Washington, D.C. Social Security checks would still go out. Troops would remain at their posts. Furloughed federal workers probably would get paid, though not until later. And virtually every essential government agency, like the FBI, the Border Patrol and the Coast Guard, would remain open.
That’s the little-known truth about a government shutdown. The government doesn’t shut down.
And it won’t on March 5, even if the combatants on Capitol Hill can’t resolve enough differences to pass a stopgap spending bill to fund the government while they hash out legislation to cover the last seven months of the budget year.

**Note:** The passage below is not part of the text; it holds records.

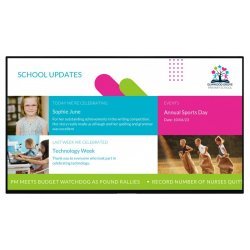 Професионален 4K дисплей Clevertouch 1290035EXP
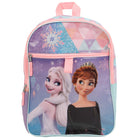 Bioworld Ensemble de sac à dos 5 pièces - 16 po - Frozen Elsa Anna-Dimensions: 16 po H x 12 po L x 5 po P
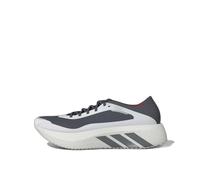 adidas Hyperboost Run shoes dark grey white red - 9UK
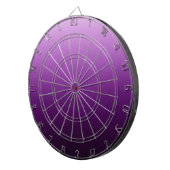 Jeu De Fléchettes Arrière - plan Papier peint violet (Devant droit)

Fewer than half of the 2.1 million federal workers subject to a shutdown would be forced off the job if the Obama administration followed the path taken by presidents Ronald Reagan, George H.W. Bush and Bill Clinton. And that’s not counting 600,000 Postal Service employees or 1.6 million uniformed military personnel exempt from a shutdown.
So we’re talking fewer than one in four federal workers staying at home. Many federal workers get paid on March 4, so it would take a two-week shutdown for them to see a delay in their paychecks.

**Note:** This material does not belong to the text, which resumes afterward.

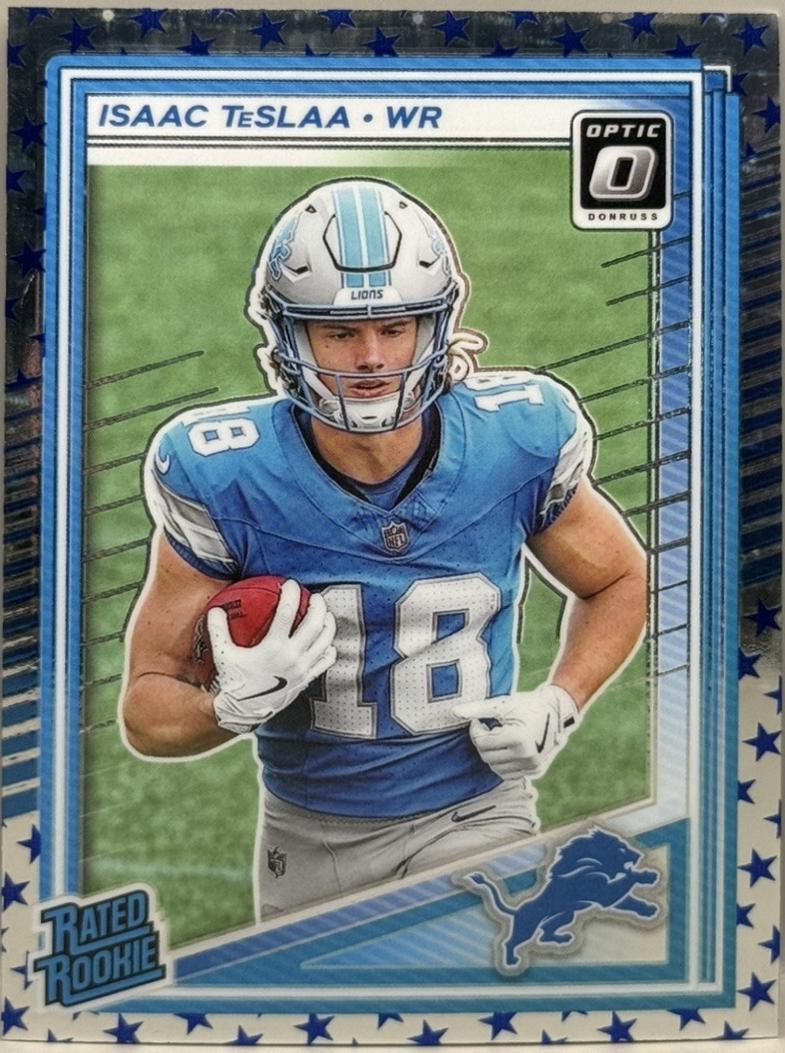 Isaac TeSlaa [Stars] #219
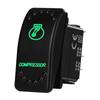 12V 20A Boat Car Rocker Switch ON OFF / ON OFF ON Toggle Switch Green Led Bar Anchor Flood Light for ARB CARLING NARVA 4x4 Truck Battery Switches5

The rules for who works and who doesn’t date back to the early 1980s and haven’t been significantly modified since. The Obama administration hasn’t issued new guidance.
The air traffic control system, food inspection, Medicare, veterans’ health care and many other essential government programs would run as usual. The Social Security Administration would not only send out benefits but would continue to take applications. The Postal Service, which is self-funded, would keep delivering the mail. Federal courts would remain open.
The cherry blossoms in Washington would bloom as usual, and visitors to the city would be able to park and see them in all their glory around the Tidal Basin.
But they wouldn’t be able to take the elevator up the Washington Monument, visit museums along the National Mall or take a White House tour. National parks would be closed to visitors, a loss often emphasized in shutdown discussions.
The Capitol would remain open, however. Congress is deemed essential, despite its abysmal poll ratings.
The IRS wouldn’t answer its taxpayer hotline — at the height of tax-filing season. Under IRS precedents, the agency would process tax returns that contain payments. But people getting refunds would have to wait.
All sides say they don’t want a so-called shutdown like the two separate partial government closings in 1995-1996, when President Clinton and a then-new GOP majority in Congress were at loggerheads over the budget. Republicans took most of the political blame, and the episodes gave Clinton critical momentum on his way to re-election.
There haven’t been any shutdowns since then. The politics stink.
But from a practical perspective, shutdowns usually aren’t that big a deal. They happened every year when Jimmy Carter was president, averaging 11 days each. During President Reagan’s two terms, there were six shutdowns, typically of just one or two days apiece. Deals got cut. Everybody moved on.
In 1995-96, however, shutdowns morphed into political warfare, to the dismay of Republicans who thought they could use them to drag Clinton to the negotiating table on a balanced budget plan.
Republicans took a big political hit, but a compendium of the other hardships experienced reads like a roster of relatively minor inconveniences for most Americans: closed parks, delays in processing passport applications, 2,400 workers cleaning up toxic waste sites being sent home, and a short delay in processing veterans’ claims.